Global sovereign wealth funds are outsourcing more to managers of Asian equities and listed infrastructure, making these the rare asset classes to enjoy net inflows from these state-linked investors.
Asset managers have suffered eight straight quarters of net outflows totaling $87 billion from sovereign wealth funds (SWFs) since the third quarter of 2014, according to eVestment, a data provider based in New York. The first half of 2016 was particularly brutal, accounting for $26 billion of that flight, according to eVestment’s surveys of asset management companies’ flows.
Although SWFs are paring back mandates to third-party managers, particularly from broad US-market exposures, they are putting money into niche areas.
Asian equities and global liquid infrastructure have enjoyed fresh inflows during the first two quarters of 2016, said eVestment. This enabled asset managers to record a net inflow of $846 million in those two asset areas from SWFs in the first half. That is a welcome development for fund managers after they saw SWF clients pull a net $95 million from Asian equities and liquid infrastructure in the second half of 2015.
SWFs are increasingly comfortable with granular allocations in desirable asset classes.
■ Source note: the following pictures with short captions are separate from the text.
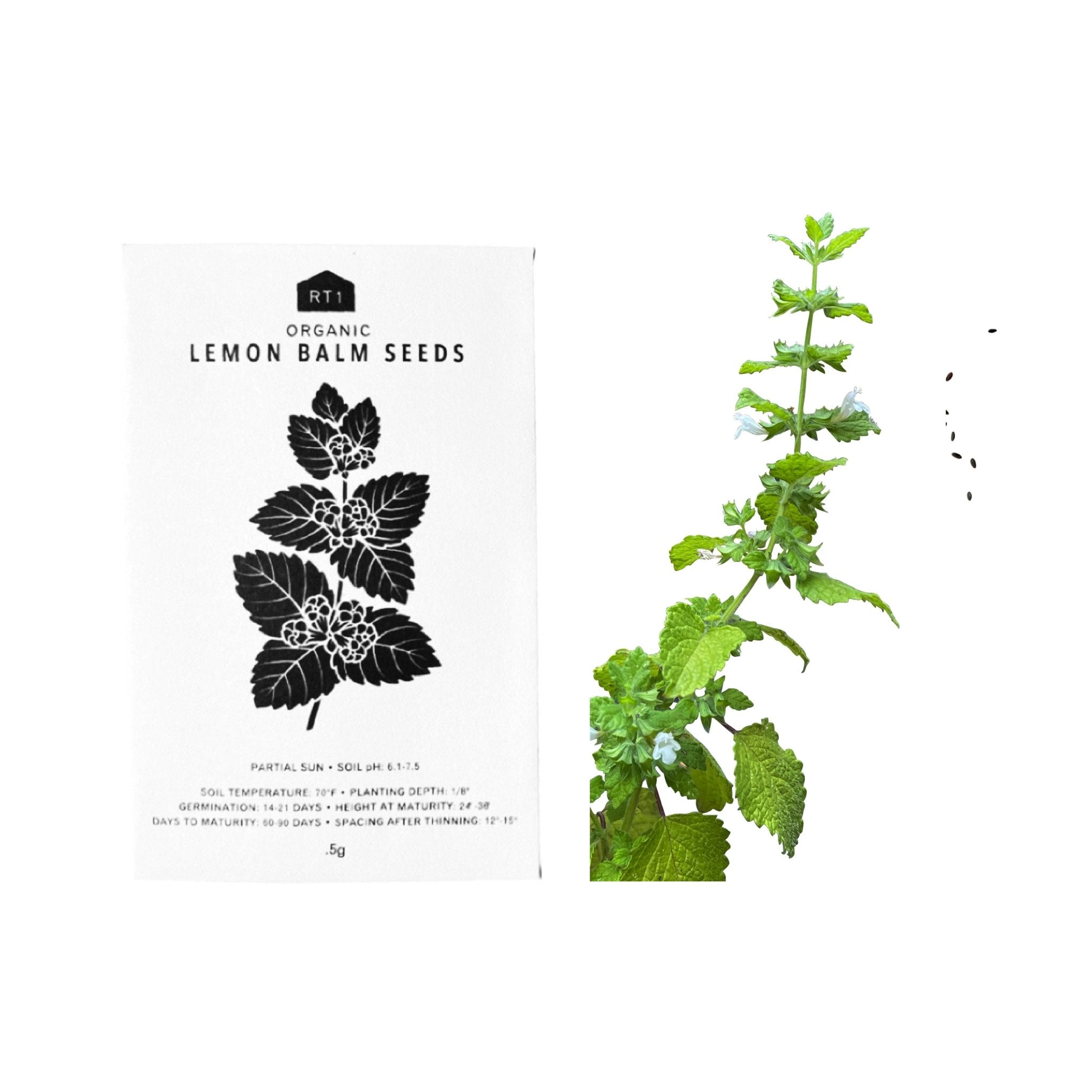 HERB SEEDS - 1 PACK - RT1home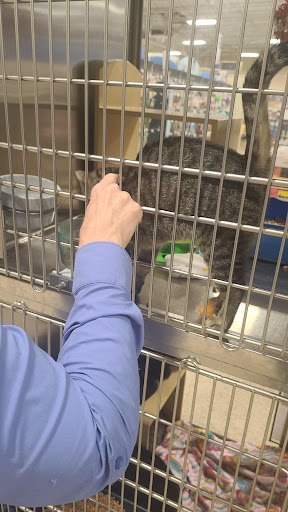 Pet Supply Store «PetSmart», reviews and photos, 14420 Farm to Market 2920, Tomball, TX 77377, USA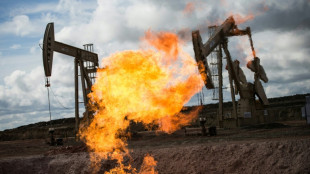 Br&uuml;ssel schl&auml;gt Lockerungen f&uuml;r EU-Regeln f&uuml;r Gas- und &Ouml;limporte vor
For example, they are awarding mandates for Malaysia equities, China A-shares (for mainland investors, via the scheme for qualified domestic institutional investors; for foreigners, as renminbi-denominated qualified foreign institutional investors); and greater China equities.
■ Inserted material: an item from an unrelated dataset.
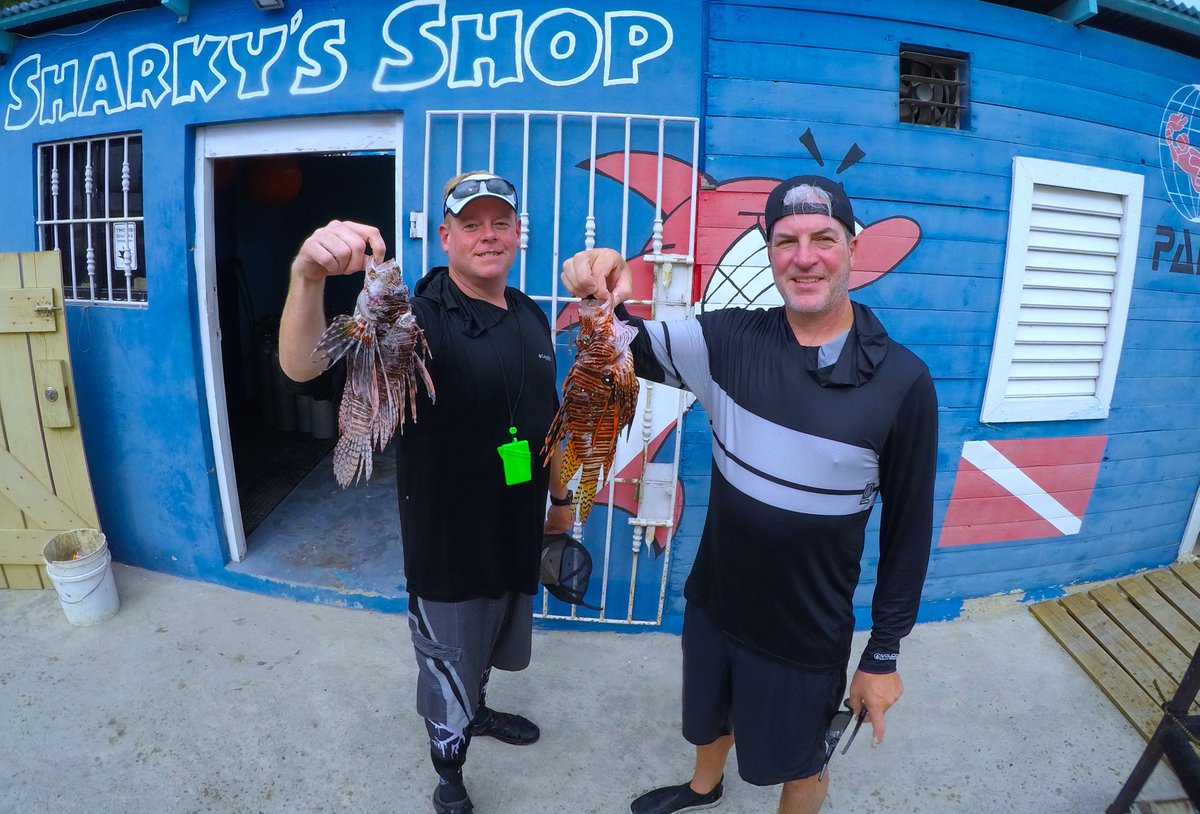 SharkyCrew's tweet photo. WE HUNT LION FISH. We hunt them for sport, we hunt them for food and to protect our coral reef. Thank you for #scubadiving with us! https://t.co/KerFKTyb5v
US equities, on the other hand, have seen SWFs take profit. Passive exposures to the S&P500 index have diminished by $13 billion over the past year end June, eVestment data said.
Of course, overall SWF exposures to the US remain vast, and these allocations to Asian equities are relatively small, noted Michael Maduell, president of the Sovereign Wealth Fund Institute.
Liquid infrastructure products have also benefited from SWF mandates, receiving net inflows of $212 million in the first half of 2016.
“Flows into niche sectors reflect the demands for specific expertise in outsourced managers by SWFs which may be too costly or time consuming to develop internally,” said Peter Laurelli, eVestment’s global head of research.
As many SWFs are funded by oil revenues, the fall in oil prices over the past two years have forced these groups to pull back investment mandates. Big Asian state investment groups have done the same, however, as China and other emerging economies slow down.
In a report released by Preqin in April, the research house noted that many oil-based sovereign funds are disposing their liquid securities such as public equities and government bonds, but heading in alternative space.